韓国科学技術情報通信部(MSIT)は2月10日、「2026年コアソース技術開発事業推進計画」を確定し、半導体・ディスプレイ・電池分野の27事業に2351億ウォンを投資すると発表した。
同計画では、半導体、ディスプレイ、電池分野の27件のプロジェクトに資金を配分し、このうち6件の新規事業に240億ウォンを投入する。関連する国家課題として、「世界をリードする次世代(NEXT)戦略技術の育成」が位置付けられている。

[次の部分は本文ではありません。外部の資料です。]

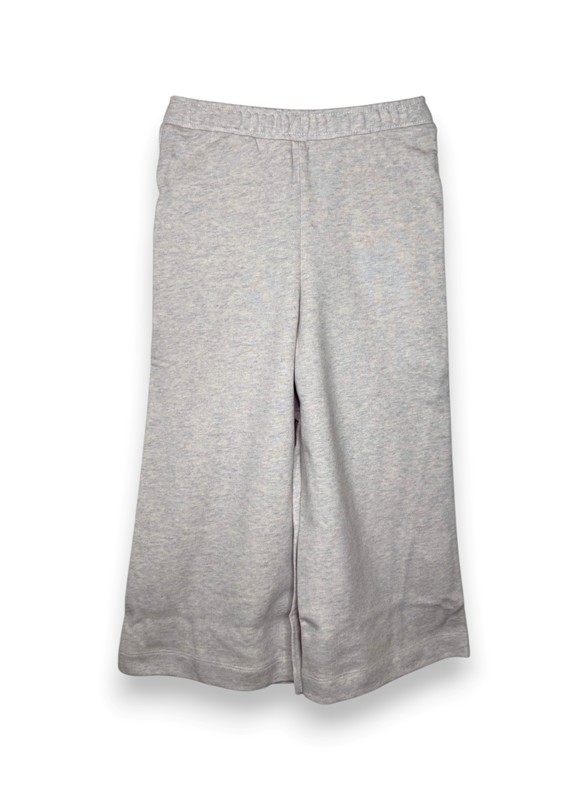 B6D7CC93C3FC219A587566F8EA4CCB78_ Pantalone palazzo in felpa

半導体分野では、インテリジェント半導体、Processing-in-Memory(PIM)半導体、化合物半導体、先端パッケージング、微細基板、3D DRAMなどの次世代コア技術の開発を継続する。また、中長期的な研究開発投資を維持するとともに、システム半導体および先端パッケージング分野の修士・博士人材を育成する。半導体設計を学ぶ学生向けの「マイチップサービス」を引き続き提供し、研究者や企業と公共ナノファブや大学ファブを結ぶオンラインプラットフォーム「MoaFab」の参加機関を6機関から14機関に拡大する。さらに、ファブ関連機関である米国のNY Createsや欧州のIMECとの連携を強化し、上半期に欧州で韓国・EU研究者フォーラムを開催する計画である。
新規事業として、「次世代光コンピューティング半導体コア技術開発」、「半導体先端セラミックス材料・部品・プロセス開発」、「過酷環境対応型ソフトウェア定義車両向け車載用半導体コアIPソース技術開発」を実施する。
ディスプレイ分野では、民間需要に対応した研究開発を支援するとともに、シリコンウエハーバックプレーン上に形成する超高解像度のオンシリコンディスプレイのコア技術を高度化する。あわせて、次世代統合型フリーフォームディスプレイ(FFD)のコア技術開発を新たに進める。
電池分野では、水性亜鉛電池(AZB)、ナトリウムイオン電池(SIB)、リチウム金属電池(LMB)などの次世代電池のコア技術開発を支援し、修士・博士人材の育成や韓米国際協力も推進する。将来のモビリティ向けにリサイクルアルミ空気電池の開発を目的とする新規事業にも資金を投入する。